A helper for the Travis API

First I wrote a helper for accessing the Travis API. This is what it looks like:

import requests


class TravisSession:

    def __init__(self, token, user_agent):
        self.sess = requests.Session()

        # https://developer.travis-ci.com/gettingstarted
        self.sess.headers = {
            'Travis-API-Version': '3',
            'User-Agent': user_agent,
            'Authorization': f'token {token}',
        }

        def check_for_error(resp, *args, **kwargs):
            resp.raise_for_status()

        self.sess.hooks['response'].append(check_for_error)

    def get(self, endpoint, *args, **kwargs):
        url = f'https://api.travis-ci.org/{endpoint.lstrip("/")}'
        return self.sess.get(url, *args, **kwargs).json()

The __init__ method creates a requests.Session instance, which gives you nice behaviour like shared headers and persistent connections. In particular, I can set the required headers once, and then I get them on every request. The headers include an access token from the Travis client, and a user agent string that identifies the requests.

I’m also setting a hook to throw an exception if I get a bad response from the API – I’ve written about requests’ hooks before.
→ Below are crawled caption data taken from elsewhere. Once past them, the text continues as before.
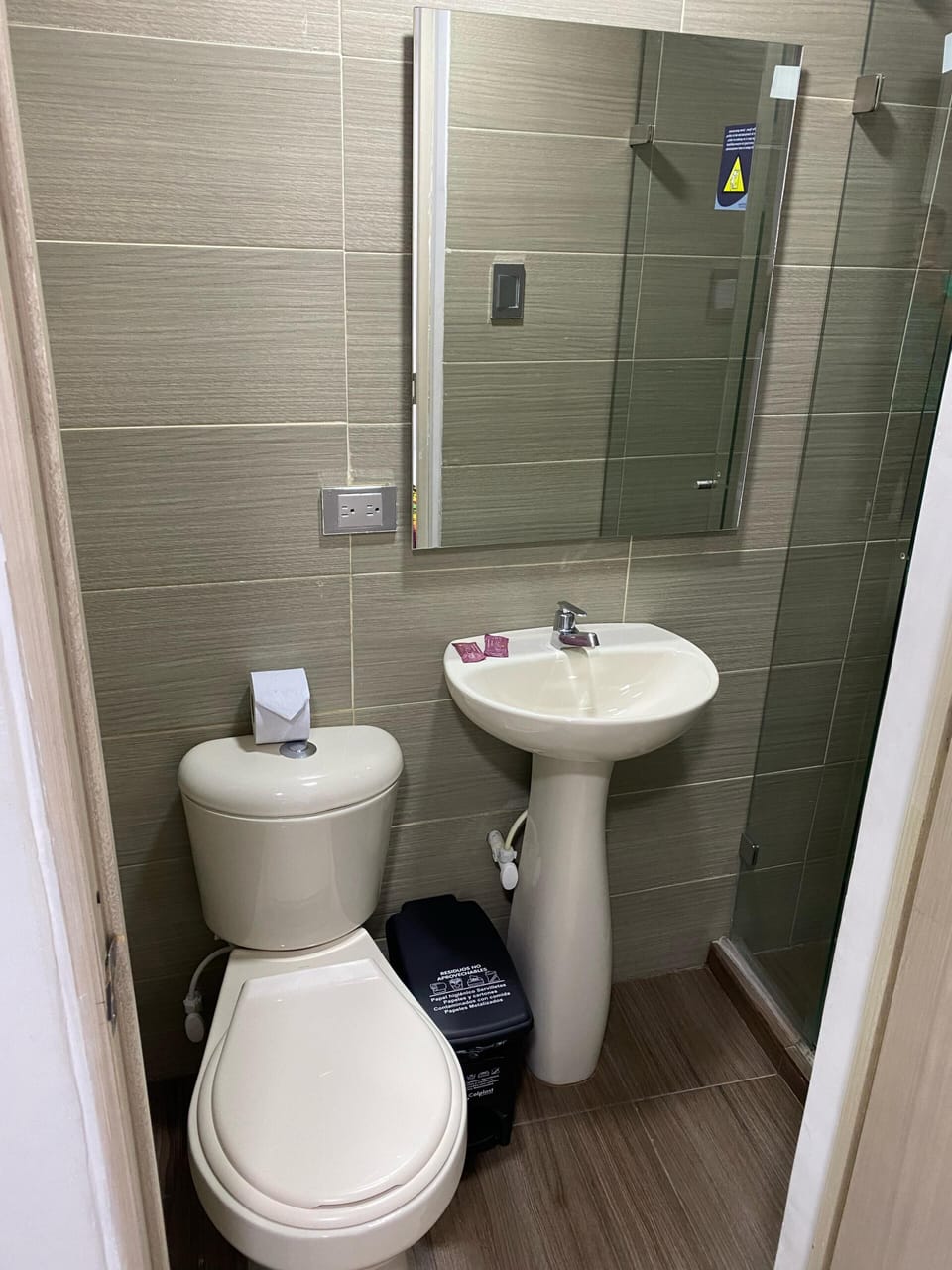 Classic Double Room | Bathroom | Shower, towels, soap, toilet paper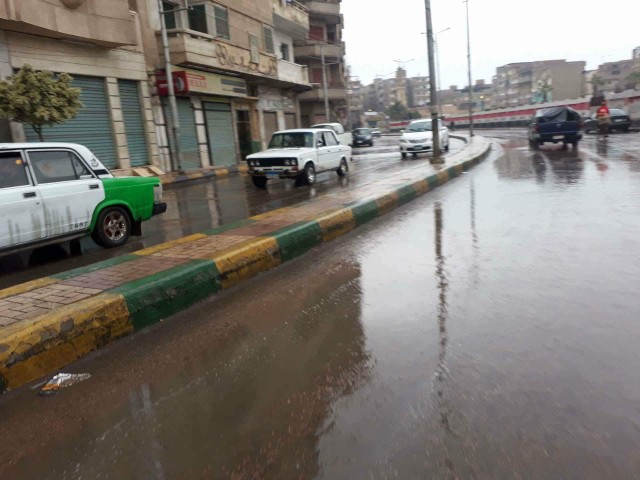 سقوط أمطار خفيفة علي مدن وقري محافظة البحيرة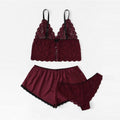 Ensemble short en dentelle et lingerie en satin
Then the get() method mimics requests.get(), but prepends the API URL for me, and unwraps the JSON response as a Python dict with .json().

Here’s how you might use this class:

sess = TravisSession(
    token='abcdefghij',
    user_agent='example_script.py by alexwlchan')

sess.get('/repo/wellcometrust%2Fplatform/builds')

This exam,ple would tell you about the builds in the platform repo.

An iterator for all builds

Next up is to use the builds API to get a list of builds from the repository. This function takes the Travis client above, and iterates over all the builds:

from urllib.parse import quote_plus


def all_builds(sess, repo_name):
    params = {}
    while True:
        resp = sess.get(f'/repo/{quote_plus(repo_name)}/builds', params=params)
        yield from resp['builds']
        params['offset'] = params.get('offset', 0) + len(resp['builds'])
        if resp['@pagination']['is_last']:
            break

The Travis API is paginated, but this function hides that detail – to the caller, it’s just a continuous stream of individual builds.

In a nice detail I haven’t seen before, the Travis API also saves me doing any pagination logic, by exposing an is_last boolean that I can use to terminate my loop.

Putting it together

With these two helpers in hand, I got a list of build times like so:

sess = TravisSession(
    token=TOKEN,
    user_agent='track_build_times.py by alexwlchan'
)

for build in all_builds(sess=sess, repo_name='wellcometrust/platform'):
    if build['event_type'] != 'cron':
        continue
    print((build['finished_at'], build['duration']))

Our overnight cron jobs run a consistent suite of tests (PRs and pushes have some early-finish logic that makes their build times hard to compare). They also run late in the evening, outside our normal working hours, so there’s no contention for Travis build workers.

Skimming the results quickly showed that, yes, our builds have slowed down recently:

('2018-06-27T21:38:35Z', 10244)
('2018-06-26T21:40:41Z', 10600)
('2018-06-26T09:17:20Z', 10858)
('2018-06-24T21:23:18Z',  4621)
('2018-06-23T21:38:08Z',  4578)
('2018-06-22T21:31:51Z',  4634)

The results also give us an idea of where we introduced a slowdown, and we can start reviewing changes from around that time to identify the cause. We haven’t found a definite cause yet, but we’re a lot closer than we were before.